▸ EXERCISE AIM: For this exercise, please return exactly the line containing "fluorescensimpregnert" and each line after it through the end of the records, with no pictures included.

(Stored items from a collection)

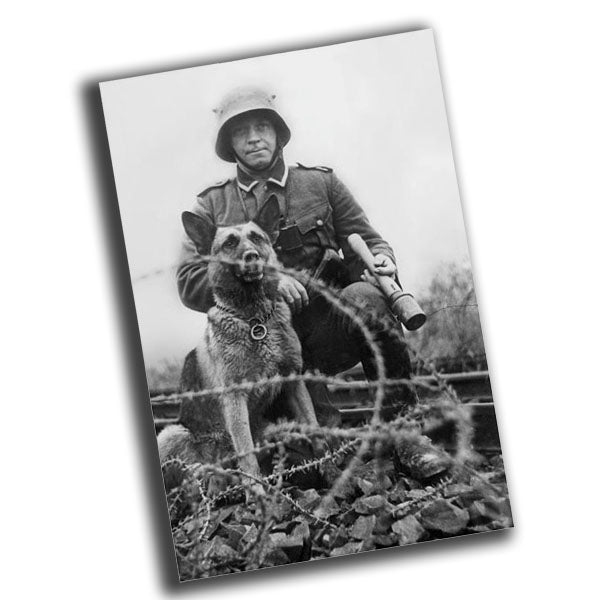 German soldier and dog vintage retro WW2 Photo Glossy 4*6 in B042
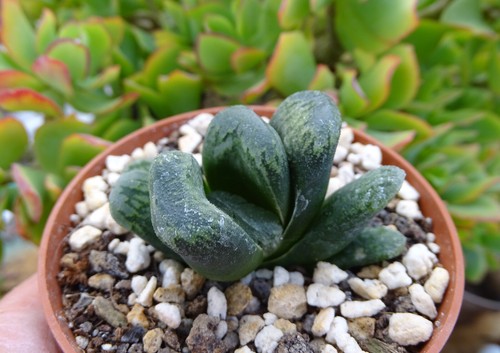 Haworthia truncata eastbourne - truncata,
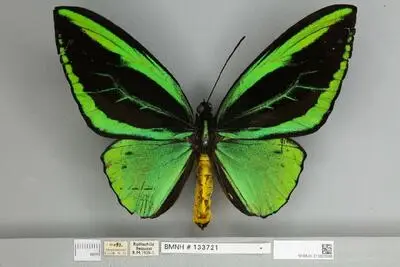 Ornithoptera priamus poseidon Doubleday, 1847 — تصویر رکورد یوروپیانا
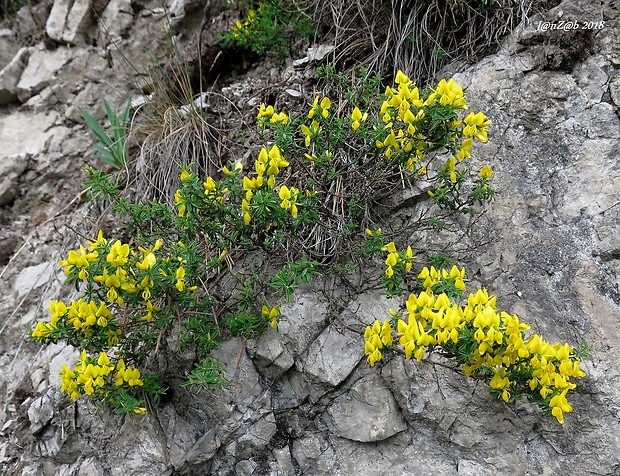 kručinka chlpatá  Genista pilosa L.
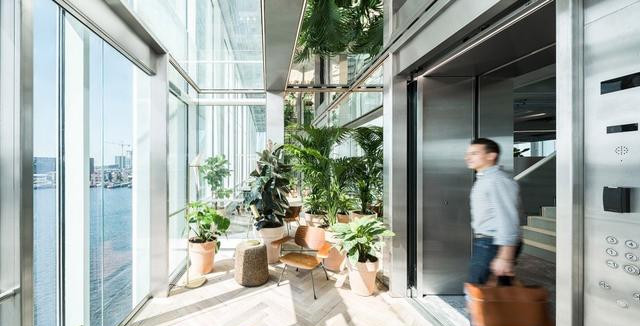 小小的室内绿植摆放设计 到底能带来怎样的魔力?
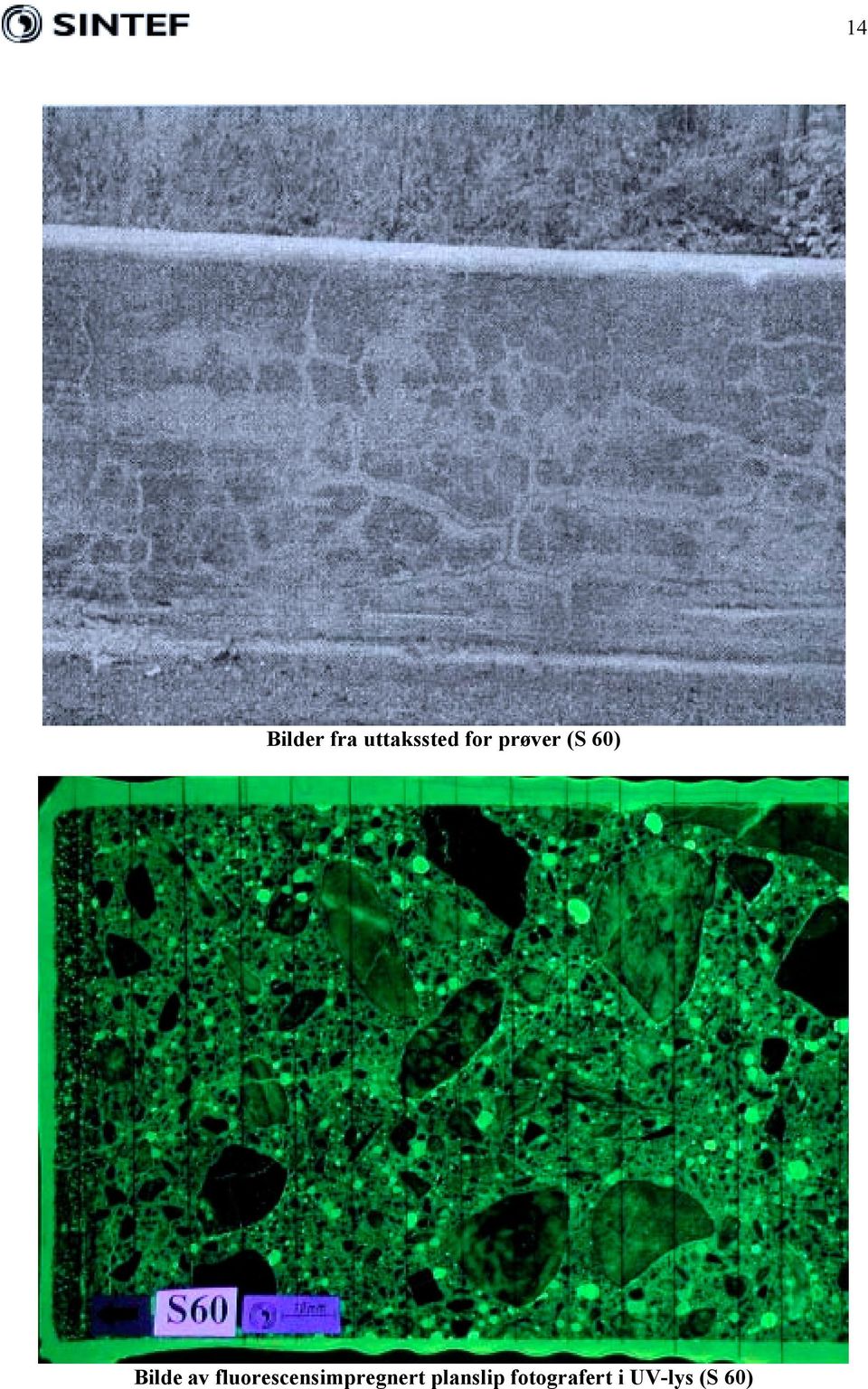 fluorescensimpregnert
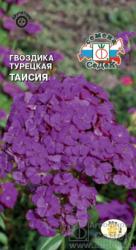 Гвоздика турецкая Таисия фиолетово-пурпурная двулетняя (СеДеК)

▸ RESPONSE:
 fluorescensimpregnert
 Гвоздика турецкая Таисия фиолетово-пурпурная двулетняя (СеДеК)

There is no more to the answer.